OVERALL COORDINATED CAMPAIGN
Making a Good First E-Impression
RED BANK, NEW JERSEY
OWNED BY: CHRISTINE ZILINSKI
Taking a multi-dimensional approach and engaging various types of media, Salon Concrete strikes a great impression by giving potential guests an inside look at what is happening in the salon. After surveying its Facebook community, the salon learned most fans wanted to see in-salon pictures. Salon Concrete responded with a campaign of photos and videos disseminated through social and style photos; photo shoots in action; and everyday finished looks on salon guests. In addition, the salon began filming several salon guest testimonials that were posted to Facebook. Another website video shows the staff at work while revealing personal details about each team member, such as their favorite foods or music.
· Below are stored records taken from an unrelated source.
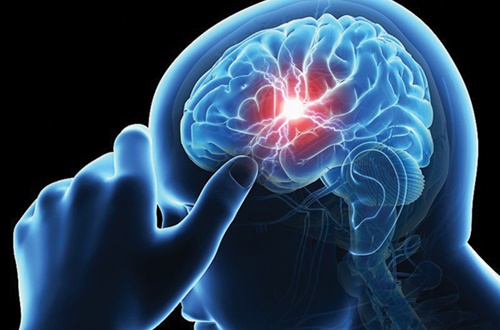 Nguyên nhân khiến người trẻ bị tai biến mạch máu não tăng mạnh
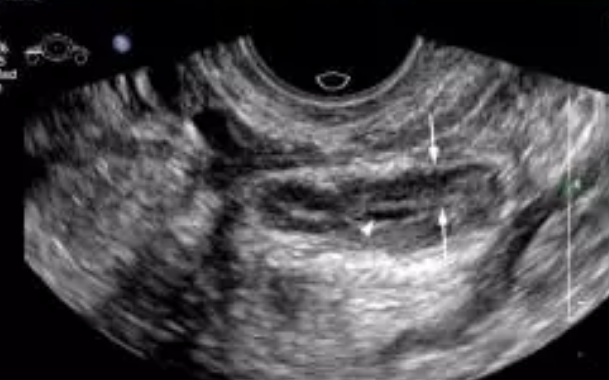 输卵管结核可以做试管婴儿吗 输卵管结核停药多久可以做试管婴儿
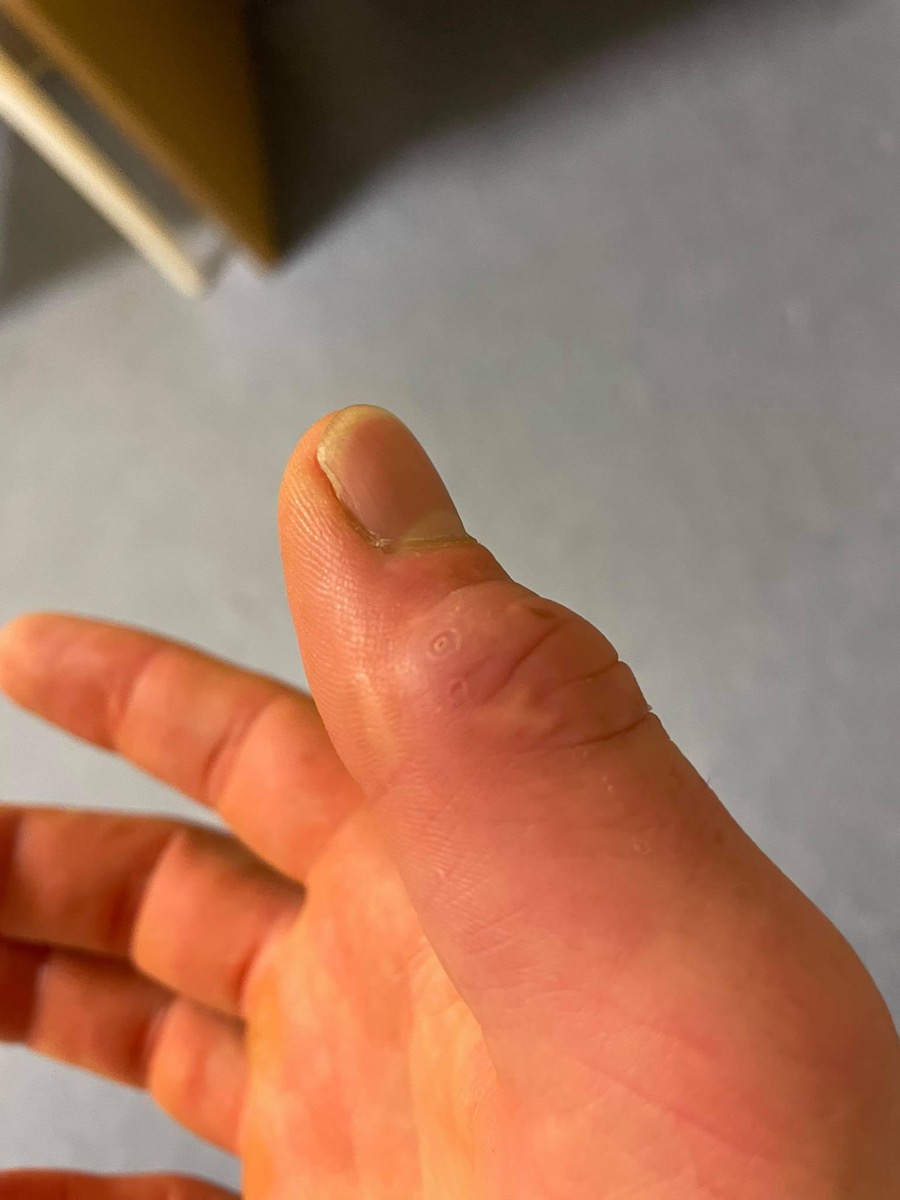 Healing scar from a kina spike injury on Alex's thumb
Owner Christine Zilinski also comes on camera to talk about what makes the salon unique and different. A corresponding print ad campaign helped new guests connect with staff by introducing readers to individual staff members by sharing fun, personal details.
“During the campaign, we went from 44 to 60 new guests per month (Jan- April), then in May we jumped to 114 new guests,” says Zilinski.
RALEIGH, NORTH CAROLINA
OWNED BY: BRYAN NUNES
To help combat all the challenges hairdressers face in offering retail to guests, Blo developed the Think Small Campaign. Not only did the campaign promote Blo’s branding, it was an interactive activity for clients that triggered an impulse buying decision, while simultaneously leveraging the salon’s philanthropic efforts. The campaign—which was promoted through in-salon signage, e-blasts, social media, and the salon’s blog—was comprised of 4,000 sealed cards which included one of eight different offers. Two of the offers are travel-sized product giveaways; one is a $10 off a tool; one is $5 off any brush; one is a coupon off a Pureology product; two are coupons for Redken products; and one focuses on philanthropy.
Before a stylist takes a guest back for their appointment, he or she encourages the guest to draw a Think Small card out of the fishbowl. After the consultation, the designer invites the guest to open their Think Small card to see what they’ve won. “This gives the designer an opening into a conversation about how the guest can redeem that savings, as well as establishes a focus for the rest of the appointment,” says Nunes.